# Tripods



## leo (Jun 19, 2006)

Any of you medium/big lens pic takers care to share your tripod (and head too) recommendations, I am currently leaning towards a Bogan 3001 with the 3265 head, and wondered if there are others tripods out there of the same quality??????

Thanks


----------



## rip18 (Jun 19, 2006)

Leo -

I waited until I could go to the truck & check all my numbers (I think they are right...).

I use several different tripods, depending on what lens I am using & what I am trying to take a picture of...

1.  My main tripod is an old Bogen/Manfrotto 190 with a Bogen/Manfrotto 3265 squeeze-grip ball head.  I use it for my normal lenses (up to 300 mm) & some macro.  I would like to replace the current head with a Really Right Stuff or Arca/Swiss ball head at some point.
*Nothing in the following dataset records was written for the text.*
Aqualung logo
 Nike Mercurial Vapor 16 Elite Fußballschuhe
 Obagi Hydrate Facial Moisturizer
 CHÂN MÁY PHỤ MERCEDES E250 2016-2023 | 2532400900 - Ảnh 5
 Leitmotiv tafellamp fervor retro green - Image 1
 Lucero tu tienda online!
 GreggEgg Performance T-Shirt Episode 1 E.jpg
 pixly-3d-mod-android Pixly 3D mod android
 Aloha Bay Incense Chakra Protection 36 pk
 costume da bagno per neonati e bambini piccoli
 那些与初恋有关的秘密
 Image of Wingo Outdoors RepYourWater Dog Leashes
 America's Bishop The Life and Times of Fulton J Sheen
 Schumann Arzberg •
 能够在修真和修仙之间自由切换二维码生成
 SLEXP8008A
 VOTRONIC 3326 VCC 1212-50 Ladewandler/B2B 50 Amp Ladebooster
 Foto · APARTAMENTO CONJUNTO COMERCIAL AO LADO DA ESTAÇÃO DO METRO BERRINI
2.  My tripod for my big 600 mm lens is a Bogen/Manfrotto 3221 WN with a Wimberley gimbal head.  I replaced the center post with a shorter 6 inch center post.  That tripod barely supports the total weight of the head, lens, camera, & I would like to replace it with a heavier Gitzo at some point.

3.  The tripod that I use for most macro shots is a Bogen/Manfrotto 3001 with a Bogen/Manfrotto 3029 3-way head.  This tripod has NO centerpost so it can get fairly low.  Again, I would like to replace the existing head with a good ball head.

4.  The tripod that my wife uses most of the time is a Velbon Mark 7 with a Bogen/Manfrotto 3030 3-way head (same as the 3029 except it has a quick release plate).  Again, a good ball head would be nice.

5.  I also have a Bogen/Manfrotto 3218 monopod with a Bogen 3229 head.  I will probably get a Bogen 3421 head for my big lens for this monopod at some point.  I usually don't use the monopod much.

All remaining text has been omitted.